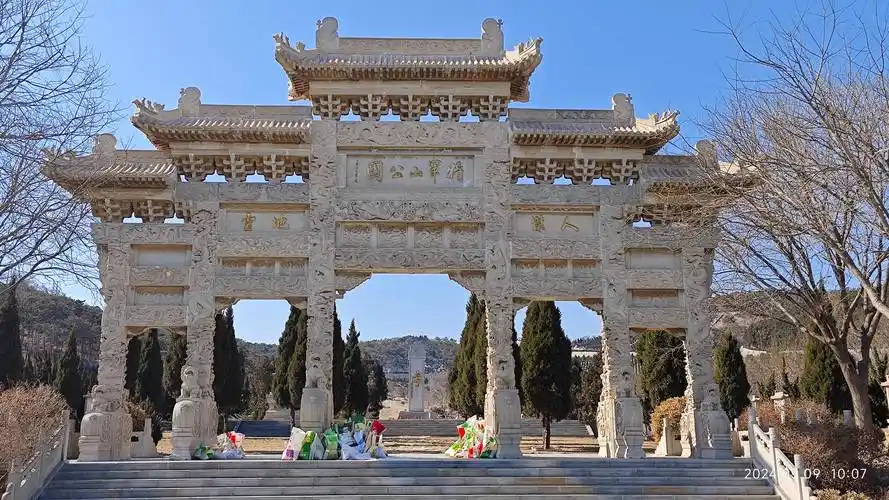 大连十大墓园排行榜(0411-86843489)将军山公墓!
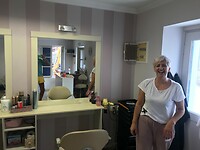 Bij kapper Irina
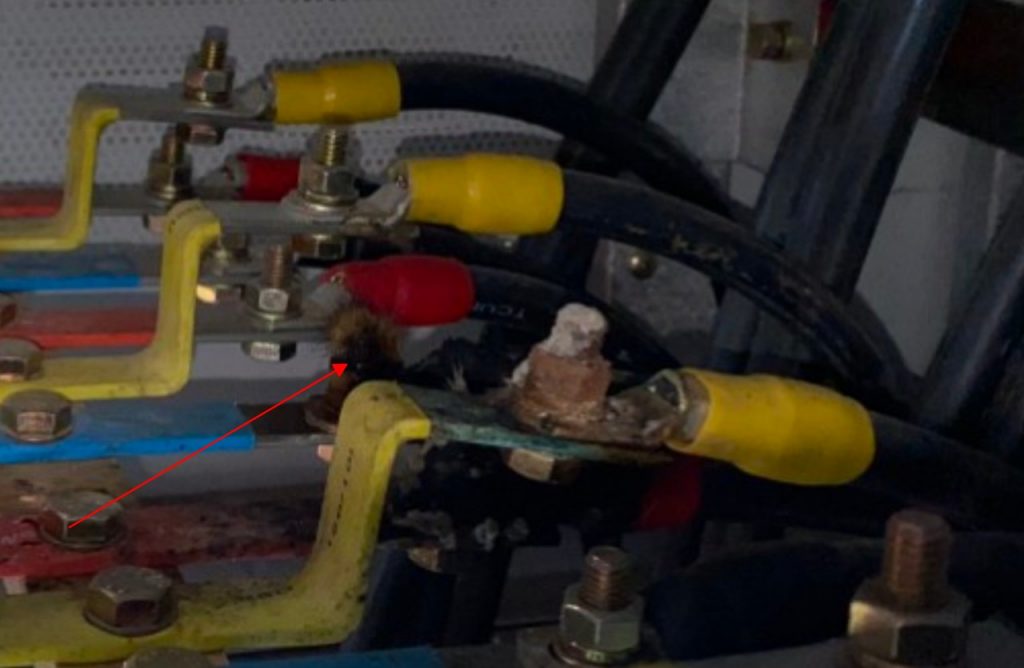 Kiểm tra và sửa chữa chạm máng dây DC hệ thống điện mặt trời mái nhà | GPsolar chuot chui vao tu dien mat troi | GPsolar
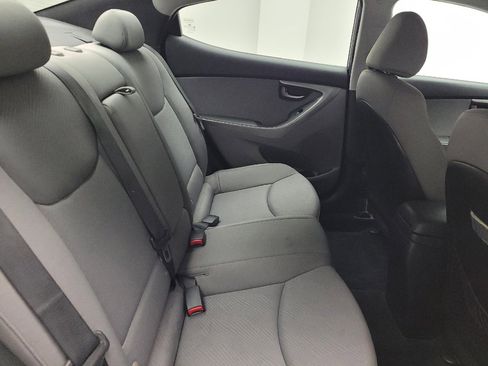 Used 2013 Hyundai Elantra GLS w/ Preferred Pkg FWD image 19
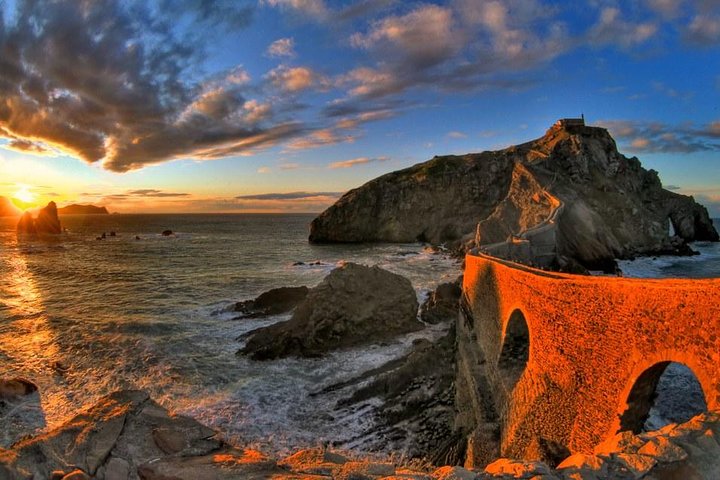 Game of Thrones Experience: Basque Country Coast Private Tour - Image 1
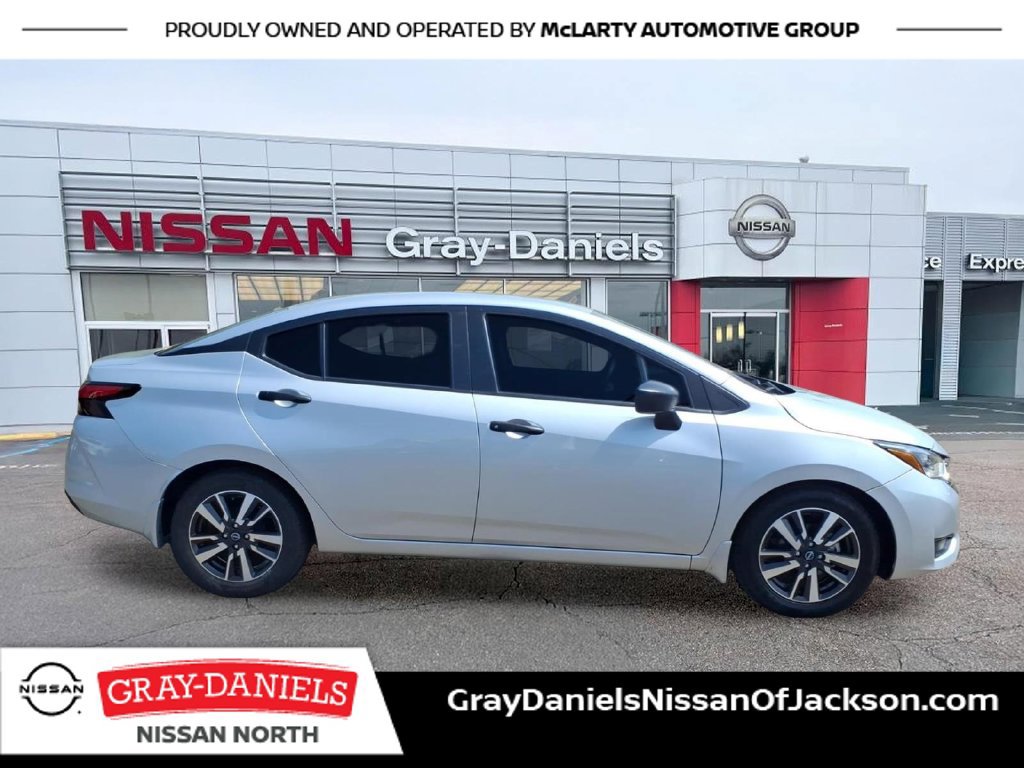 Used 2025 Nissan Versa S w/ S Plus Package FWD image 2
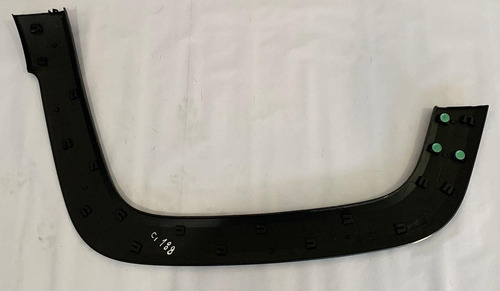 Moldura Para-lama Dianteiro Direito Jeep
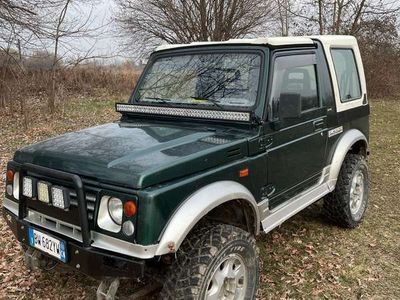 Suzuki Samurai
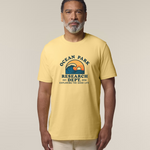 Un homme d'âge mûr avec une barbe grise porte un t-shirt jaune "viva yellow".
Le visuel central montre une vague bleue devant un soleil couchant orange, entourée des textes "OCEAN PARK RESEARCH DEPT. EST. 2014 EXPLORING THE GOOD LIFE".
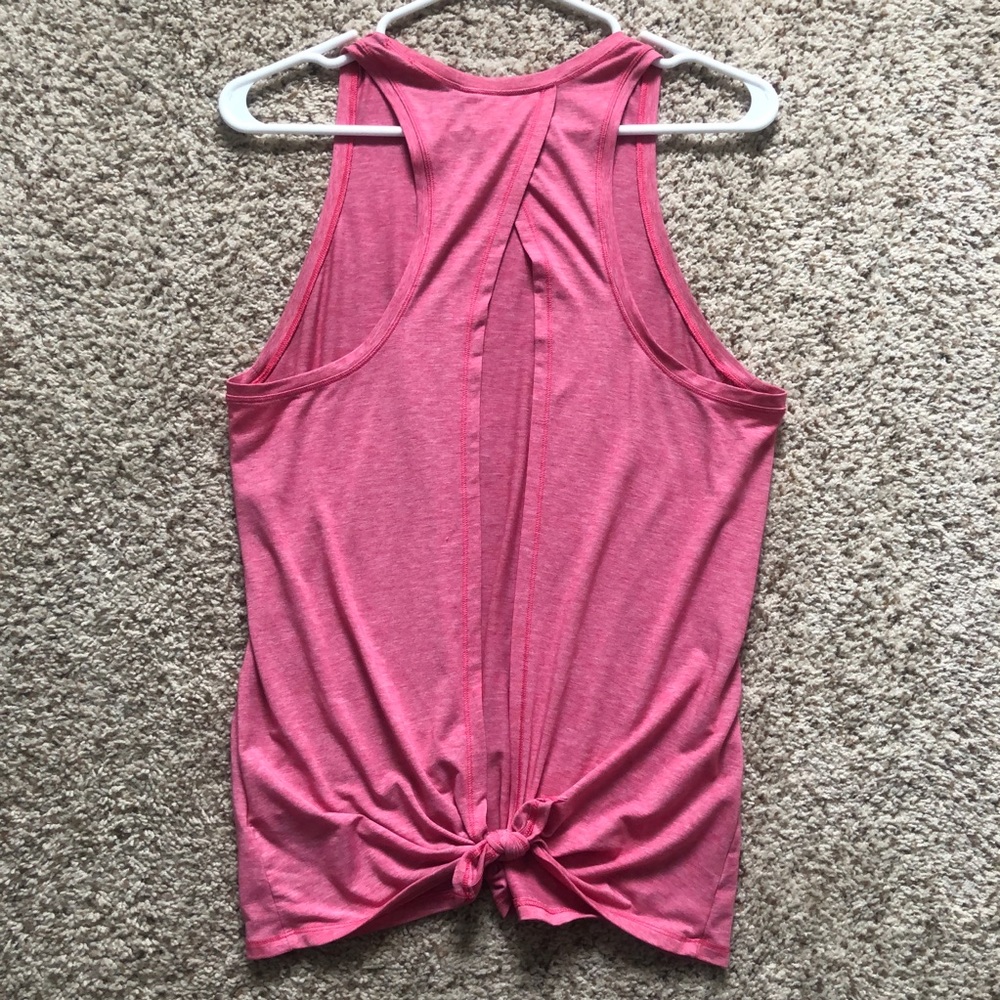 Gap size small tie back tank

• [What the task asks]
Retype all the material word for word while skipping any picture it contains.

• [Exercise response]
 大连十大墓园排行榜(0411-86843489)将军山公墓!
 Bij kapper Irina
 Kiểm tra và sửa chữa chạm máng dây DC hệ thống điện mặt trời mái nhà | GPsolar chuot chui vao tu dien mat troi | GPsolar
 Used 2013 Hyundai Elantra GLS w/ Preferred Pkg FWD image 19
 Game of Thrones Experience: Basque Country Coast Private Tour - Image 1
 Used 2025 Nissan Versa S w/ S Plus Package FWD image 2
 Moldura Para-lama Dianteiro Direito Jeep
 Suzuki Samurai
 Un homme d'âge mûr avec une barbe grise porte un t-shirt jaune "viva yellow".
Le visuel central montre une vague bleue devant un soleil couchant orange, entourée des textes "OCEAN PARK RESEARCH DEPT. EST. 2014 EXPLORING THE GOOD LIFE".
 Gap size small tie back tank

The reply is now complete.